Parto “leggero”, menzionando ciò che ho apprezzato maggiormente tra gli interventi che ho seguito, ovvero nell’ordine:

  1. il keynote nel quale Yahoo, attraverso Jeff Revoy, ha sottolineato l’intenzione -già attuale- di integrare il materiale prodotto dagli utenti sui suoi social network con le classiche serp organiche,
  2. il forum sui risultati organici, che dopo un’inizio (secondo me) non brillante, ha registrato interventi davvero notevoli da parte di alcuni SEO di altissimo livello. Purtroppo la pausa pranzo l’ha troncato di netto, ed è un peccato perchè sono sicuro che altrimenti avremmo continuato ad ascoltare discussioni interessantissime. Ma d’altronde, I tempi a disposizione erano quelli, e non si è sgarrato.
  3. L’incontro con i rappresentanti dei motori di ricerca, in particolare Fabio di Live.com che ha annunciato l’uscita, a dicembre negli States, di una suite dedicata ai webmaster targata Redmond. Intanto però gli operatori di query che forniscono informazioni sui link non funzionano più da un mese. Pazienza.

Non sono state queste le uniche note di rilievo: ve ne sarebbero altre degne di menzione, ma non mi dilungherò in questa sede sui singoli interventi perchè non è questo l’obiettivo di questo post: vorrei piuttosto soffermarmi ad esporre alcune personali considerazioni sull’evento in sè.

Se quelle che leggerete vi sembreranno critiche, me ne scuso fin d’ora: sappiate che l’intenzione non è assolutamente fare una critica fine a sè stessa, ma prendere ciò che (secondo il sottoscritto, è chiaro) “non è andato”, e usarlo come punto di partenza sul quale riflettere per proporre qualcosa di costruttivo per rendere il prossimo SES un SES migliore dal punto di vista qualitativo, che possa essere di maggior utilità e soddisfazione per tutti.

Dunque, a parte l’organizzazione non proprio impeccabile, che Miriam ha già rimarcato -ma sorvoliamo-, ciò di cui ho sentito maggiormente la mancanza è una coerenza di fondo, un obiettivo non tanto chiaro (quanto meno al sottoscritto, altri potranno confermare o smentirmi) ed un target di riferimento quantomeno fumoso nella sua definizione.

Mi spiego:
innanzitutto, non era chiaro quale fosse l’audience di riferimento: la fetta più massiccia di partecipanti era costituita da operatori ed agenzie del settore: se era a questi che ci si rivolgeva, certi argomenti -non tutti per fortuna- erano un po’ troppo “di base”. Se invece l’interlocutore era costituito da altre figure (responsabili di marketing e potenziali clienti, che pure non sono mancati) allora non credo che questi ultimi siano usciti con idee tanto più chiare rispetto a prima, sul mondo del Search.

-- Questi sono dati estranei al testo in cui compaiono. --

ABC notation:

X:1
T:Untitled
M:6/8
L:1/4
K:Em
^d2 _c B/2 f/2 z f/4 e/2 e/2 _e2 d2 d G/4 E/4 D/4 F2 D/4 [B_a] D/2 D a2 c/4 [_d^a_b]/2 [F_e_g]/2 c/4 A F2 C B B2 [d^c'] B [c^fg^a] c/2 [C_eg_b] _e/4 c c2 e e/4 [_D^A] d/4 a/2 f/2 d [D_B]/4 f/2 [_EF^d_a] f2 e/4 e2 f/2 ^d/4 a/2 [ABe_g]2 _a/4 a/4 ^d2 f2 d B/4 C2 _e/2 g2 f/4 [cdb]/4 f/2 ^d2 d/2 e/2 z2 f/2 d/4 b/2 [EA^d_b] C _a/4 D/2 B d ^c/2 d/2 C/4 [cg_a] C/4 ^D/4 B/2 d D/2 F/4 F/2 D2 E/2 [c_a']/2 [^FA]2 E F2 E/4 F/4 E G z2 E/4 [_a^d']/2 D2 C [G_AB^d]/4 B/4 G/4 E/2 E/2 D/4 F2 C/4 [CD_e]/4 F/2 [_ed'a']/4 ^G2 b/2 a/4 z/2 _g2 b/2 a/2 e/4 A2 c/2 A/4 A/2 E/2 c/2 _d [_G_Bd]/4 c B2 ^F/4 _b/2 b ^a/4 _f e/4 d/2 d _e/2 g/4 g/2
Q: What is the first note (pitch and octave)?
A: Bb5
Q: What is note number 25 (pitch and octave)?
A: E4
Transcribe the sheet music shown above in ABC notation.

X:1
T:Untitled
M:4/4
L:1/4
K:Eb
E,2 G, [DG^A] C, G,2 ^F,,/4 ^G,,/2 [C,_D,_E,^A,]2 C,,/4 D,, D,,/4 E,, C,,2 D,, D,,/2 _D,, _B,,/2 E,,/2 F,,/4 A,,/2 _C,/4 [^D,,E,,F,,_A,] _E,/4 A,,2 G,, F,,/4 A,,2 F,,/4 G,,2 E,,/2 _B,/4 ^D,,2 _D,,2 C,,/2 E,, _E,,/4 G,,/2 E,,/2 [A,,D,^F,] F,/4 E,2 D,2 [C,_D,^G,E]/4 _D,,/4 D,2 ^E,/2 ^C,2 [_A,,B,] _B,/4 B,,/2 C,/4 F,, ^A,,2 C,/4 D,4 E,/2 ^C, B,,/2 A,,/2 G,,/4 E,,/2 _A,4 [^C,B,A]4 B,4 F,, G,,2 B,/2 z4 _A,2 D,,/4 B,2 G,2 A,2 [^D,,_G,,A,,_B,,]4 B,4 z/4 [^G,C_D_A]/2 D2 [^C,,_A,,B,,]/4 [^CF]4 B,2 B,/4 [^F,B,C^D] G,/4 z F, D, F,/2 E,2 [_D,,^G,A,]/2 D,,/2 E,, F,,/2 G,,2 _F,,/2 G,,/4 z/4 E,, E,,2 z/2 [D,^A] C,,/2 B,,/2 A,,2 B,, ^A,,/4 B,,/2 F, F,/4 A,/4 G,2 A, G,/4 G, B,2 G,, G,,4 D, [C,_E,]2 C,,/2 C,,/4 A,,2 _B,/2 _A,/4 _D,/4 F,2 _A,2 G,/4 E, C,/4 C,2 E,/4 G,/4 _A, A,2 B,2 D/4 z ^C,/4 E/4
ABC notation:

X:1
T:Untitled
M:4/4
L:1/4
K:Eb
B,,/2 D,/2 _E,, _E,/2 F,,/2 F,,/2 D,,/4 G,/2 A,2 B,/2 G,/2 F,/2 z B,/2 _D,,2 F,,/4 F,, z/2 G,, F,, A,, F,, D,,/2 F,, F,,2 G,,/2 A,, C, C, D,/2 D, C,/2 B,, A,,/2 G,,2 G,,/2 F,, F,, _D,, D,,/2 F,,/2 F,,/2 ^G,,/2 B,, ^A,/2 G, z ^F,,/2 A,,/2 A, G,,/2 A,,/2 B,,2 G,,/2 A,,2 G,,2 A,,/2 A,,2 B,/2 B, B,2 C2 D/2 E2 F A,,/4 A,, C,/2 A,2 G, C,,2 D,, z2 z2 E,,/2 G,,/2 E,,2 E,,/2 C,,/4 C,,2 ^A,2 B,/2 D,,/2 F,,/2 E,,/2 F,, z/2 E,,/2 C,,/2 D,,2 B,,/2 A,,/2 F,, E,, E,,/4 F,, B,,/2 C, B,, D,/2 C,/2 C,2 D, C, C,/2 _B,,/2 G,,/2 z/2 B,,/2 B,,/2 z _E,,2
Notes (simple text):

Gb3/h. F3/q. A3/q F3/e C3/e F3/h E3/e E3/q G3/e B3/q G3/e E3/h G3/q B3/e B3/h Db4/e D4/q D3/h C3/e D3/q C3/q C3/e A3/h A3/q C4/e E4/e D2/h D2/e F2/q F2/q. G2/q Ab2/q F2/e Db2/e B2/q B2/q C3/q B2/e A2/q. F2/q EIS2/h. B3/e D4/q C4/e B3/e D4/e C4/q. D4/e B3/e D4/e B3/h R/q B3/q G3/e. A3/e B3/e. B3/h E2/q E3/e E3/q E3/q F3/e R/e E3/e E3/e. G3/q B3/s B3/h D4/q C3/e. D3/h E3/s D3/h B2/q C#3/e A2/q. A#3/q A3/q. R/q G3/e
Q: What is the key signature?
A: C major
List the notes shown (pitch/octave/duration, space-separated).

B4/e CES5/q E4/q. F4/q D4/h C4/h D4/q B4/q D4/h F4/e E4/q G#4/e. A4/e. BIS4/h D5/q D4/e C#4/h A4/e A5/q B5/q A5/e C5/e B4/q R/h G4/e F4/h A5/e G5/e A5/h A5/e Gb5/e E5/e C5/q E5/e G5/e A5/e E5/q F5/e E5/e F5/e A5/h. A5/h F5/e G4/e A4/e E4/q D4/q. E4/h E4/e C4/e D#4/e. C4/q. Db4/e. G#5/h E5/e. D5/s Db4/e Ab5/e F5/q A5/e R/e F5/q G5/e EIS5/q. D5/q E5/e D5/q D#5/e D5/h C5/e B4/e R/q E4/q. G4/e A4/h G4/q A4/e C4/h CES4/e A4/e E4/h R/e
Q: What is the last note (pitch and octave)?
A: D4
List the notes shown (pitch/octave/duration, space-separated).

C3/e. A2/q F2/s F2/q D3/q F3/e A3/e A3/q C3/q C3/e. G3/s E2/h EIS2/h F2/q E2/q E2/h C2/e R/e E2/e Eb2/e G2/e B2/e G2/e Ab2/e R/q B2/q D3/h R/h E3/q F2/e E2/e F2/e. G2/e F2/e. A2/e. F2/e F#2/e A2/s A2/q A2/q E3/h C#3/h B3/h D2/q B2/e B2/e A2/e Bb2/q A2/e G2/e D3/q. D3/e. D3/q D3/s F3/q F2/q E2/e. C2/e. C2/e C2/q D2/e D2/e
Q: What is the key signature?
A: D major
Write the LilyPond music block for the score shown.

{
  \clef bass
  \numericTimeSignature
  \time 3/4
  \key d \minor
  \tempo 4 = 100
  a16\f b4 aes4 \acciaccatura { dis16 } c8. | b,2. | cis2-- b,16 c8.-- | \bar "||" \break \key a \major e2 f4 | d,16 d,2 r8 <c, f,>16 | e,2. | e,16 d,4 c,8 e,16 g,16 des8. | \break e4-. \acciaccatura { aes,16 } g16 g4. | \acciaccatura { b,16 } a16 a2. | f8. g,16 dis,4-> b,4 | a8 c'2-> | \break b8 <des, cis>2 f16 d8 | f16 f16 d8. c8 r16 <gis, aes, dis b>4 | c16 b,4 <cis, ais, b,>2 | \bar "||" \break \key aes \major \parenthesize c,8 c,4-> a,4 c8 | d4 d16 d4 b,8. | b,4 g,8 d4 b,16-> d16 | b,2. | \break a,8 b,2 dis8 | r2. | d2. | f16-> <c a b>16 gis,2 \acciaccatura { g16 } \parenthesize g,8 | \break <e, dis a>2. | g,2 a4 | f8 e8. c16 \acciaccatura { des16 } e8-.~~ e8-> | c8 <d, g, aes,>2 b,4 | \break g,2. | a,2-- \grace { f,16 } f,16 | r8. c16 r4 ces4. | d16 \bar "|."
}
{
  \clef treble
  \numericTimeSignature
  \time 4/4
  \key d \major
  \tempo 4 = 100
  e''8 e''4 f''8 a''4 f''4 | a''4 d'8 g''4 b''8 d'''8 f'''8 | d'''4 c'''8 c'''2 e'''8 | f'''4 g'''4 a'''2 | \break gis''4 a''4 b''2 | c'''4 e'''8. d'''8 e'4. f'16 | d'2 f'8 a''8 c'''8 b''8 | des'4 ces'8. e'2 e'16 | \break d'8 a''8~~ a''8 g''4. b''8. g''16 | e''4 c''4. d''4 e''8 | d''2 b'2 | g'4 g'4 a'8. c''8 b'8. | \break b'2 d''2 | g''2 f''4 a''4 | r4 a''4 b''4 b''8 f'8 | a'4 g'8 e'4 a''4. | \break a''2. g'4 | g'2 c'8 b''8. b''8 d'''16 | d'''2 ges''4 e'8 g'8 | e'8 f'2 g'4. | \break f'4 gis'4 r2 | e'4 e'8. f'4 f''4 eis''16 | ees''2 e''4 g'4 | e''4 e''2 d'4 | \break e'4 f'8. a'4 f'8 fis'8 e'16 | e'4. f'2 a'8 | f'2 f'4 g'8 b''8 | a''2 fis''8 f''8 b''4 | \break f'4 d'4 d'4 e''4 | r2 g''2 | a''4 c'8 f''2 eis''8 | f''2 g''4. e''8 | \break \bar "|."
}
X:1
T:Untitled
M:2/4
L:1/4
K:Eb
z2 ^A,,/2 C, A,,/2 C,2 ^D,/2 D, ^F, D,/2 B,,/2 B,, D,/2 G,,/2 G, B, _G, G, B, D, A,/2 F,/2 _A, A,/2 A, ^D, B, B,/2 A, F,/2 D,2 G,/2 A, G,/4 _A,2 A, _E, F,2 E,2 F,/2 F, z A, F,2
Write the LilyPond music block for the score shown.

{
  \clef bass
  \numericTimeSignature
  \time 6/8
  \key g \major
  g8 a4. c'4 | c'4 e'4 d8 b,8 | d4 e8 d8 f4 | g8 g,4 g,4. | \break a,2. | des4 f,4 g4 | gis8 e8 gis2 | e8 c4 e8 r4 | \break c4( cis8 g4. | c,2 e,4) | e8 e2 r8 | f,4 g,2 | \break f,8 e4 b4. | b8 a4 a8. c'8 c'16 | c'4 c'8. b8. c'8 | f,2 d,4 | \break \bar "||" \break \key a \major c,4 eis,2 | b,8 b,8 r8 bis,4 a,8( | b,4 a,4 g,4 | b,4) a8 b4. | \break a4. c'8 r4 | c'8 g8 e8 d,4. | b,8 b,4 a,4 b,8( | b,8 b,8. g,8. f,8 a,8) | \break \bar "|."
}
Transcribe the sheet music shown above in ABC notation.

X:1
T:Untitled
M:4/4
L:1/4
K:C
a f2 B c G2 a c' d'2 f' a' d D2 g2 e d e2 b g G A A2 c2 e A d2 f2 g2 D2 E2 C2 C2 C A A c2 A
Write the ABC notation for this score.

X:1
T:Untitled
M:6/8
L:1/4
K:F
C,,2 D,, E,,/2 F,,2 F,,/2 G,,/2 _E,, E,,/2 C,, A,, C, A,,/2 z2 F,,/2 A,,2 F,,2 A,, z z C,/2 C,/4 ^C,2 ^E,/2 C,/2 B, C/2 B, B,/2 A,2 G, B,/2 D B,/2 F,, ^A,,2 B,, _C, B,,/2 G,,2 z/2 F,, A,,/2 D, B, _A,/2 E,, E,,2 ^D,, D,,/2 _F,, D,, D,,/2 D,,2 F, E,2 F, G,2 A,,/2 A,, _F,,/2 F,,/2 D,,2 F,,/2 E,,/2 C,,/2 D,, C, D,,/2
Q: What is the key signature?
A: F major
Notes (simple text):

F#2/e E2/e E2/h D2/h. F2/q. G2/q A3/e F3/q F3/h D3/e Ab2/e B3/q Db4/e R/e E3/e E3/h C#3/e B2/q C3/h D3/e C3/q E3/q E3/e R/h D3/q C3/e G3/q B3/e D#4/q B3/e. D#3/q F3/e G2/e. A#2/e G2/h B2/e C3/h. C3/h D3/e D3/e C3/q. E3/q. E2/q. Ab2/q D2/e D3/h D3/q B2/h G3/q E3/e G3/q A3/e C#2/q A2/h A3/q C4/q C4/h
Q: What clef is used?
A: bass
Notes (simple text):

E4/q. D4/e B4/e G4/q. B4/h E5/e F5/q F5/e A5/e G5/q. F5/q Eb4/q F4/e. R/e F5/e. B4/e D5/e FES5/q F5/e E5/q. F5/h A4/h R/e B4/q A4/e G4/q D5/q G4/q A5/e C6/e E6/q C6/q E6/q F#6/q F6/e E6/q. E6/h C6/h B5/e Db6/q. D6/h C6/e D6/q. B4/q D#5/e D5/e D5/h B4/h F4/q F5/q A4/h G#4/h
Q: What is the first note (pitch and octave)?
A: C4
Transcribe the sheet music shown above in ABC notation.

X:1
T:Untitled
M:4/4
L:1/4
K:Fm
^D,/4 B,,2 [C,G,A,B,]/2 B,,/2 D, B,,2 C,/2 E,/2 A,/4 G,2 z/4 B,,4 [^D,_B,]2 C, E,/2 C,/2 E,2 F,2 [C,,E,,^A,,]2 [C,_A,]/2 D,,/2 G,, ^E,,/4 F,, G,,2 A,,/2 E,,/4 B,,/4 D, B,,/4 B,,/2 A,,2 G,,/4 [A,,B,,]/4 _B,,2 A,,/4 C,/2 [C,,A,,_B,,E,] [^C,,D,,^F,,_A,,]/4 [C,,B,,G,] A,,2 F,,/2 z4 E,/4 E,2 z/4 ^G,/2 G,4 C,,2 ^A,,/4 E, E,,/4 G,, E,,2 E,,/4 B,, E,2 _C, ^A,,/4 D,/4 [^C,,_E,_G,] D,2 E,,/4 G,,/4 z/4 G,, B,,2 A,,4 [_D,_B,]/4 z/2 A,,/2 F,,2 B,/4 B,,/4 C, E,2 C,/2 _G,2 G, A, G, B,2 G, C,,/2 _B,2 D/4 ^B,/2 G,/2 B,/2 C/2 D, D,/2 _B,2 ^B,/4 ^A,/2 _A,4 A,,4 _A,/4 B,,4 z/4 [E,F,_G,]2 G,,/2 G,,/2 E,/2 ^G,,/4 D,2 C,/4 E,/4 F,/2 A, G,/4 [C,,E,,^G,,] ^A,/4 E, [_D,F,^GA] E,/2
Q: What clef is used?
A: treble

Chiariamoci, il problema non stava tanto negli interventi in sè, mancava proprio un filo conduttore, la coerenza di fondo a cui accennavo prima. Qui azzardo un suggerimento: probabilmente, con una classificazione diversa delle sessioni le cose potrebbero migliorare: invece di dividerle in “fondamentali” e “avanzate“, non sarebbe meglio differenziarle in funzione del pubblico, presentandone alcune “per chi si avvicina al Search Marketing” e altre “per gli operatori interni al settore“?

Attenzione, non è tanto una questione di etichette: una suddivisione di questo tipo potrebbe permettere ai relatori di esprimersi più liberamente, senza dover necessariamente partire da panoramiche di base e quindi senza doversi porre limiti ascrivibili al (legittimo) timore di non farsi capire da chi non lavora tutti i giorni con il web e i motori di ricerca: otterrebbero così un grado di soddisfazione maggiore per i SEO e i SEM all’ascolto. Dall’altro lato, renderebbe più “redditizio” per gli operatori stessi il compito di illustrare, a chi si limita ad avvalersi del SEM senza per questo farne il proprio core business, i concetti di funzionamento -senza scendere nei dettagli- ed i potenziali vantaggi delle strategie oggi attuabili nel campo del web marketing, e che cosa le aziende sono in grado di offrire in tal senso (la sfida, qui, è non scadere in una sfilza di messaggi autopromozionali).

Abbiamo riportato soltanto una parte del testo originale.